REQUIREMENT: What is needed is a faithful copy of all the entries, with no pictures in it.

[[ SUPPLIED MATERIAL open ]]

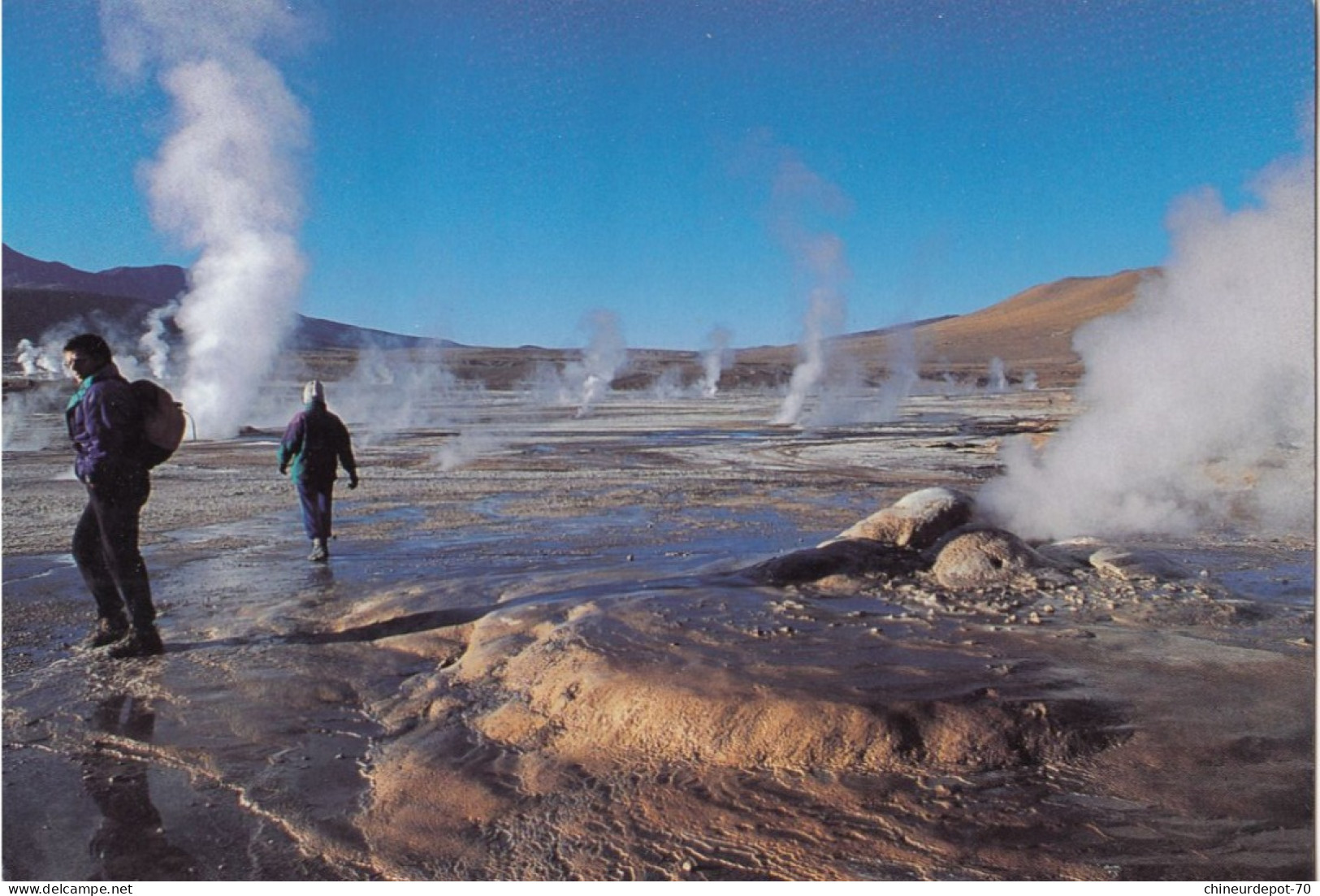 San Pedro De Atatama Chile Geisers Del Tatio Fauna - Chili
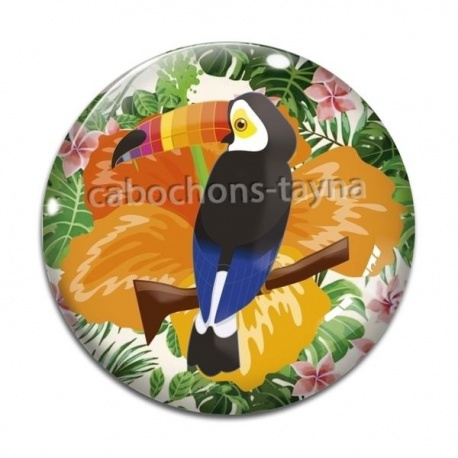 Cabochon Verre - toucan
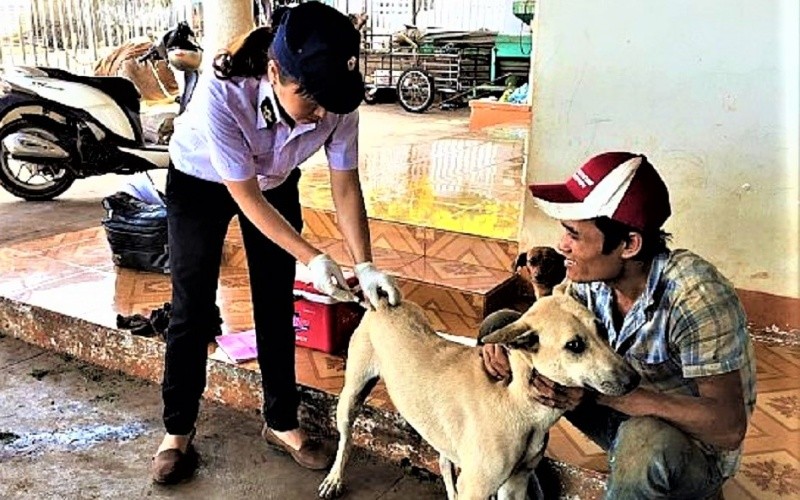 Nhằm ngăn chặn bệnh dại trên địa bàn tỉnh, ngành Thú y tỉnh Đắk Lắk triển khai tiêm phòng dại cho đàn chó nuôi trên địa bàn.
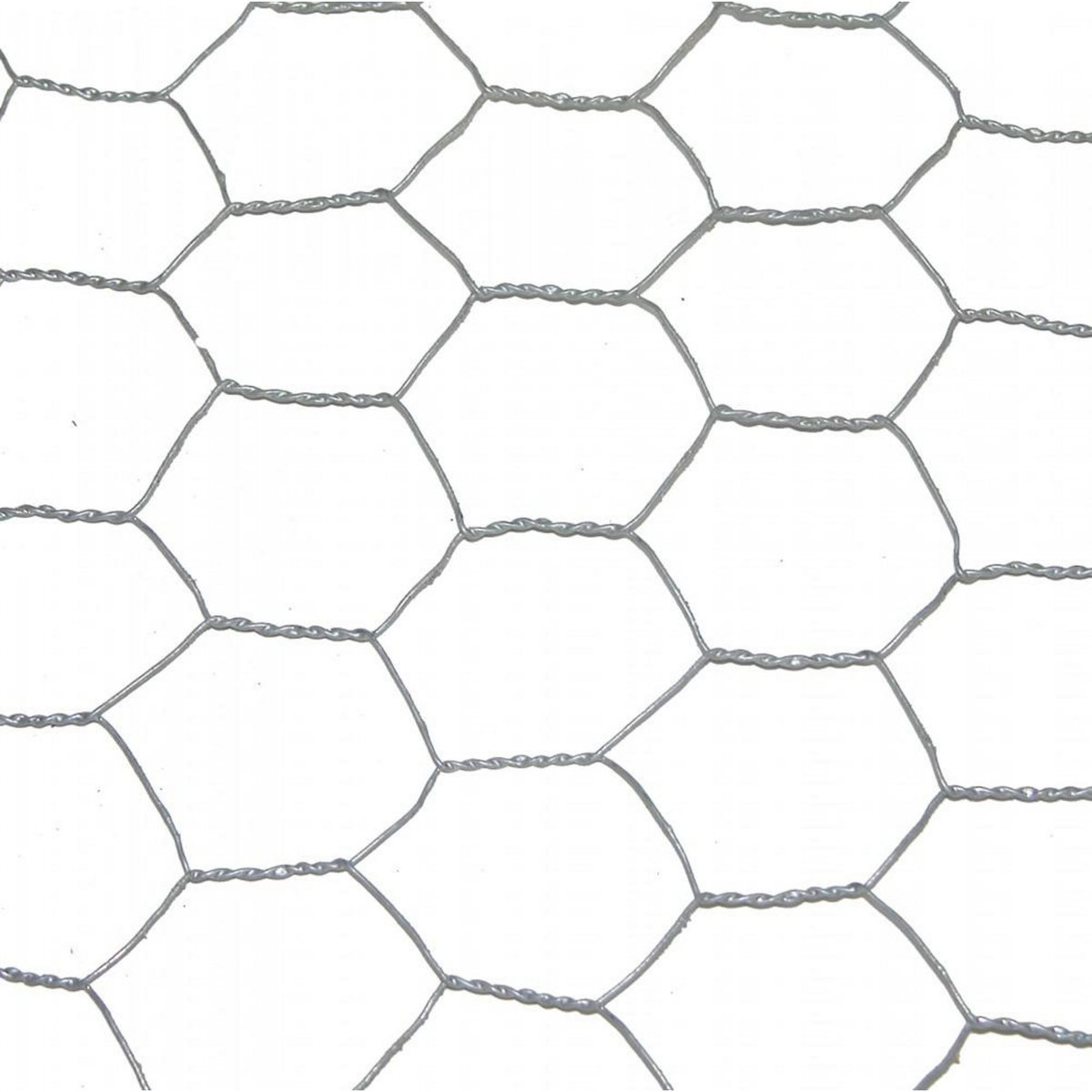 CENTRALE BRICO Grillage pour animaux triple torsion gris, H.0.5 x L.10 m, maille H.25 x l.25 mm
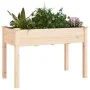 Jardinera con forro interior madera maciza abeto 118x59x76 cm de vidaXL, Maceteros y jardineras - Ref: Foro24-364233, Precio:...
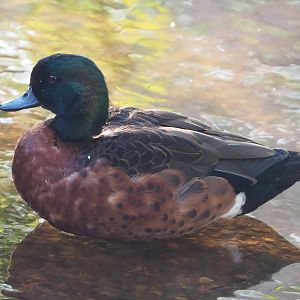 Chestnut teal drake (Anas castanea), 2022-10-19
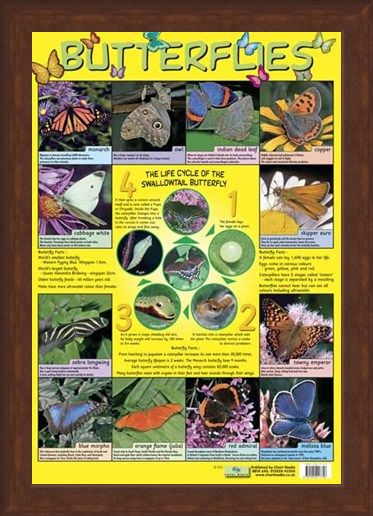 Framed Framed Butterflies - Life Cycle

[[ SUPPLIED MATERIAL closed ]]

SOLUTION TO THE EXERCISE:
 San Pedro De Atatama Chile Geisers Del Tatio Fauna - Chili
 Cabochon Verre - toucan
 Nhằm ngăn chặn bệnh dại trên địa bàn tỉnh, ngành Thú y tỉnh Đắk Lắk triển khai tiêm phòng dại cho đàn chó nuôi trên địa bàn.
 CENTRALE BRICO Grillage pour animaux triple torsion gris, H.0.5 x L.10 m, maille H.25 x l.25 mm
 Jardinera con forro interior madera maciza abeto 118x59x76 cm de vidaXL, Maceteros y jardineras - Ref: Foro24-364233, Precio:...
 Chestnut teal drake (Anas castanea), 2022-10-19
 Framed Framed Butterflies - Life Cycle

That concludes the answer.